Ever since I started working in chromatography, I’ve been intrigued by the creative combinations of technology and science that are used to solve complicated analytical challenges. However, I have never been much of a researcher; personally, I love designing new concepts and ideas, and finding unique solutions rather than doing the actual experimentation. To be honest, I sometimes felt like the odd-one-out, particularly during scientific conferences, but after a while I figured out my driving force: creativity.
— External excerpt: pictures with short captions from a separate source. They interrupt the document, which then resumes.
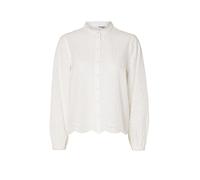 Selected Femme Bluse Damen weiß, 40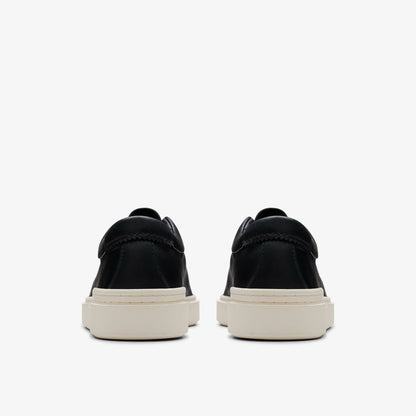 Craft Swift Black Leather - Clarks Men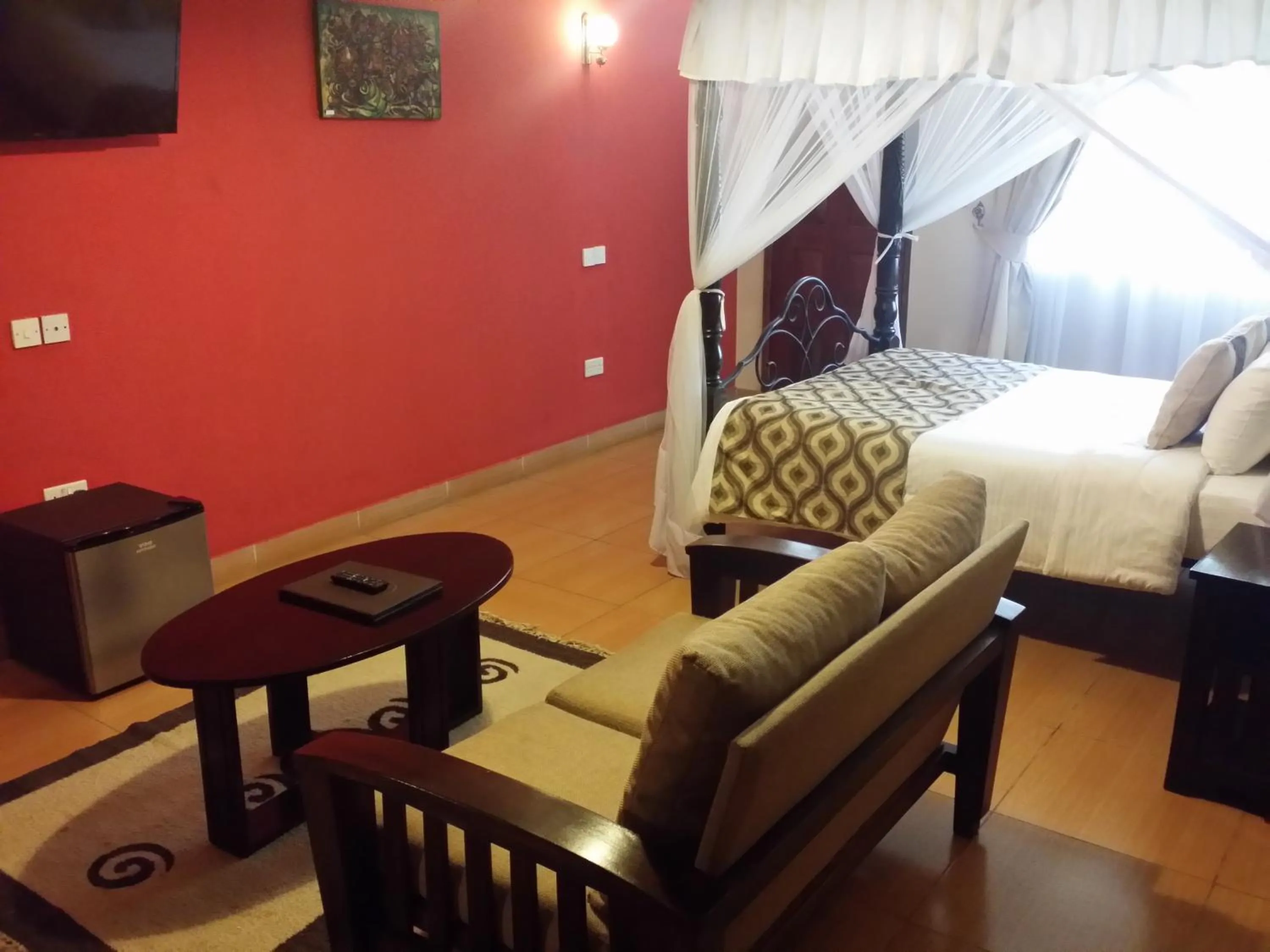 Bedroom, Bed in Margarita House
Ever since this red thread became clear, I became even more fascinated, and started to read everything I could find about creativity and innovation. I took courses to broaden my scope and to try to discover the science of creativity. Today, I have the pleasure of applying my knowledge at work. And I want to share my vision and some of the techniques we apply at Interscience to stimulate and manage creativity and innovation. I call it “Lean Innovation Management” because it takes principles from creative thinking and transforms them in a smart and efficient way, so that they can be more easily grasped by typically ‘left-brain-dominant’ people – that is to say, logical, analytical, and objective thinkers – or scientists.


Lean Laboratory

Lean philosophy stems from the Toyota Motor Corporation, where it was developed by Taiichi Ohno as an alternative to the rigid “high volumes, low margin” strategy applied by the large US car manufacturers of the 1950s. Back in those days, it wasn’t called Lean. It may have been referred to as flexible mass production, the Toyota Production System or simply “Toyotism”. The term Lean (coined by MIT’s John Krafcik) was popularized much later in a 1990 book called ‘The Machine That Changed the World’, by Jim Womack, Daniel Jones, and Daniel Roos (2).

One of the core aspects of Lean lies in visually representing all steps of a procedure and subsequently determining the average turnaround time, process time and first-time-right percentage for each of them. By doing so, people become more aware of the complexity of the processes they are part of and learn to realize why things tend to go wrong. By applying Lean, you can often discover that in many cases errors are not caused by your annoying colleague, but as a dire consequence of an inappropriate procedure.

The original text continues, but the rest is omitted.